Subject: Re: Problems booting 1.5.1
To: Ken Wellsch <kwellsch@tampabay.rr.com>
From: David Burgess <burgess@mitre.org>
List: port-i386
Date: 07/12/2001 10:40:21
There are people that can explain this much more succinctly than I, but
here's a shot....

1.5W and 1.5.1 are both upgrades from 1.5.  While they may share some
common upgrades/fixes, they are definitely not the same.  

The difference is the quality of the release.  1.5.1 is available for 
people like me (that run businesses using NetBSD) and need 'commercial'
quality while 1.5W is the 'research' quality release.
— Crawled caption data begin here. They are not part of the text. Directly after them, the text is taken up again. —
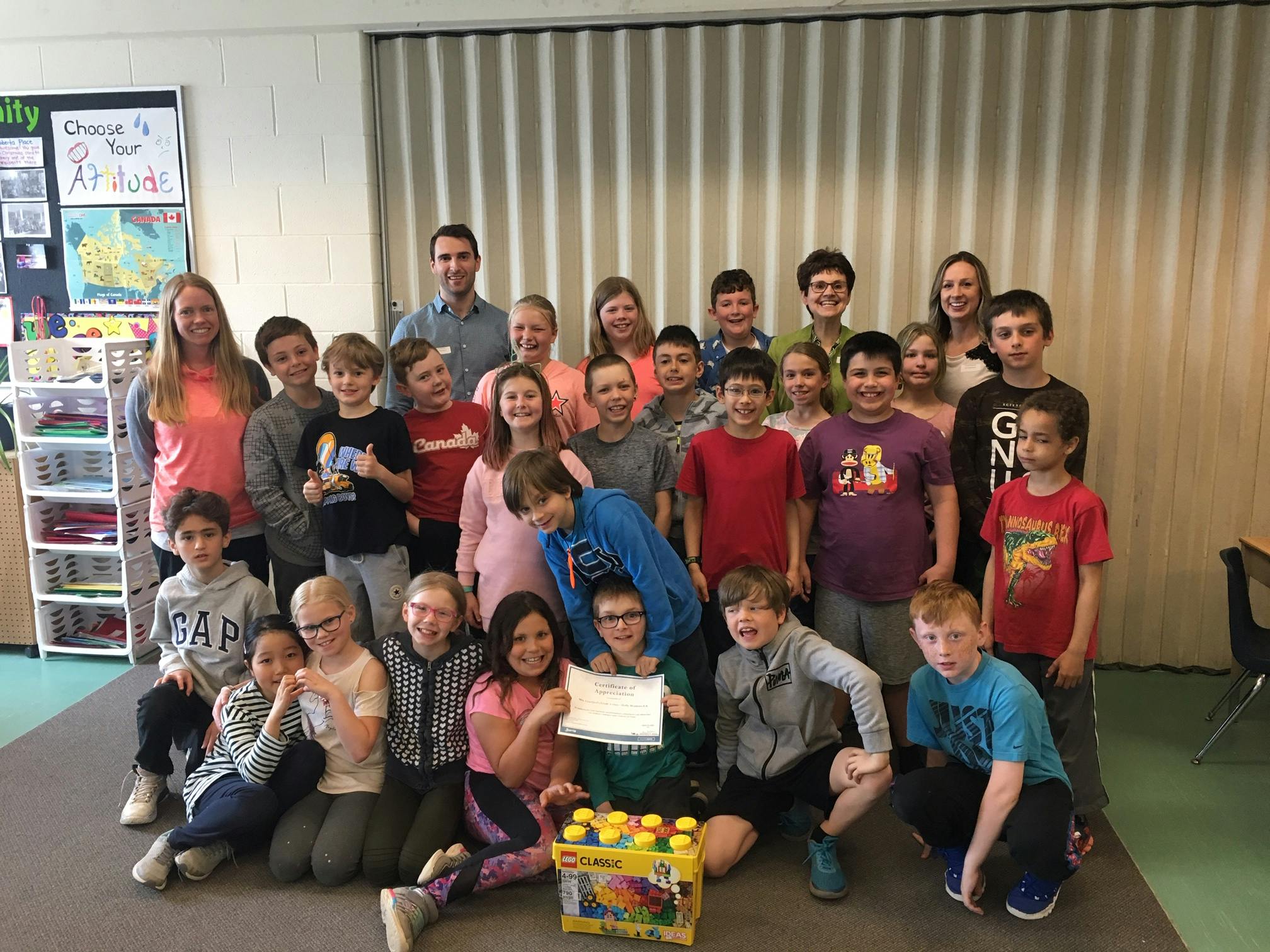 Mrs. Crawford's Grade 4 class at Holly Meadows Elementary School presented with their certificate for providing insightful feedback and their visions for Barre's future. 
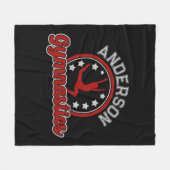 Gymnastiek ADD NAAM Gymnast Vault Floor Athlete Fleece Deken (Voorkant (Horizontaal))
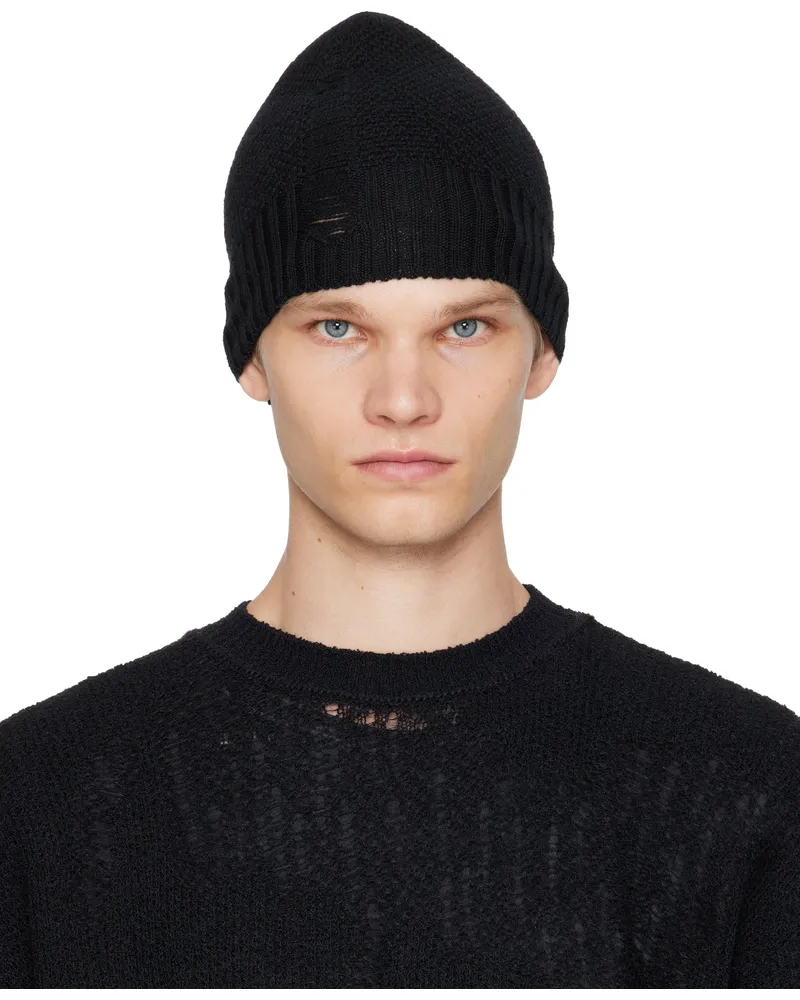 Ann Demeulemeester Black Edon Destroyed Seed Stitch Beanie Black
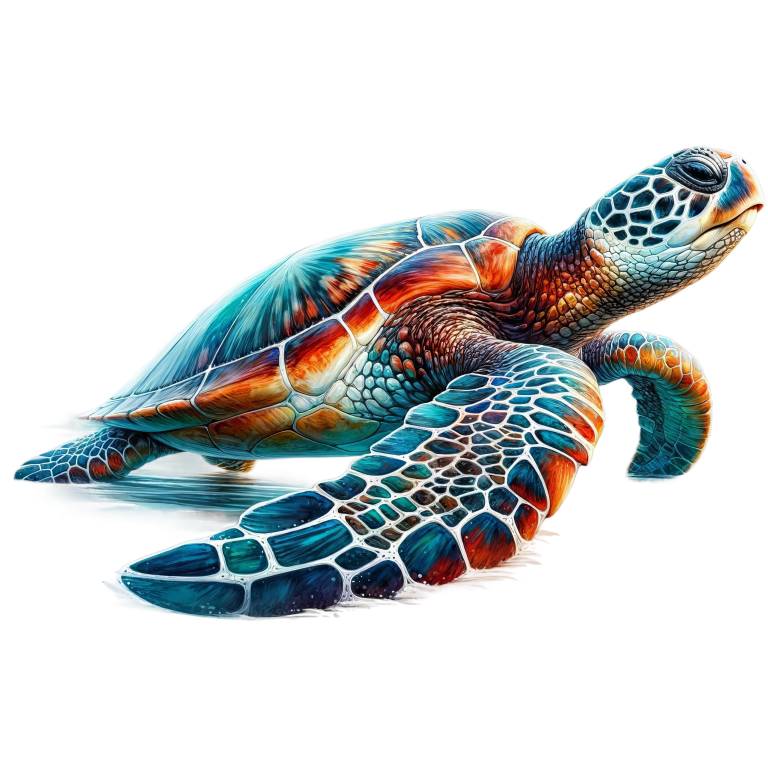 Colorful turtle illustration on a white background vinyl sticker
We spent quite a bit of time arguing about the release numbering scheme 
a couple of years ago and there isn't really any good alternative.  
Unless we want to reopen that can of worms, this kind of problem will 
continue to occur.

The problem is that the 1.5[A-ZZ] releases are actually precursors to 
1.6, where the 1.5.[1-9] releases are extensions to the past.  How we 
number that in a clear way just isn't an easy nut to crack.  

Unless we change the scheme so that the numbered releases identify the
goal (which would make -current 1.6W), I don't see any way around this
problem.  I'm not advocating a change, there are good reasons to go 
with the current method.  Even then, we still need to make it clear that
1.5.1 is not an upgrade compatible with 1.6W.  Of course, we then get 
into the problem of what happens when we want to release the 1.6 Beta?

Sigh :-(

Dave

Ken Wellsch wrote:
> 
> Steven Sartorius wrote:
> >
> > I'm currently running 1.5W and decided to upgrade to 1.5.1 by installing
> > from source.   This morning I grabbed the tarballs from the 1.5.1 release
> > directory and built a new (GENERIC) kernel with no problems.  When I go to
> > boot the new kernel, though, things start off normally (the kernel starts to
> > load) but before I see any boot messages the machine spontaneously reboots.
> > Never seen this before in NetBSD.  Anyone have any ideas?
> 
> 1.5W is a release of -current.  While 1.5.1 is a upgrade from 1.5.
> So you are running an "old" kernel via 1.5.1 with a new userland (-current).
> 
> Trust me, 1.5.1 is *not* an upgrade to -current (e.g. 1.5W).
> 
> Apologies this is confusing... the lettered 1.5 versions are branches
> of -current as I understand the naming scheme.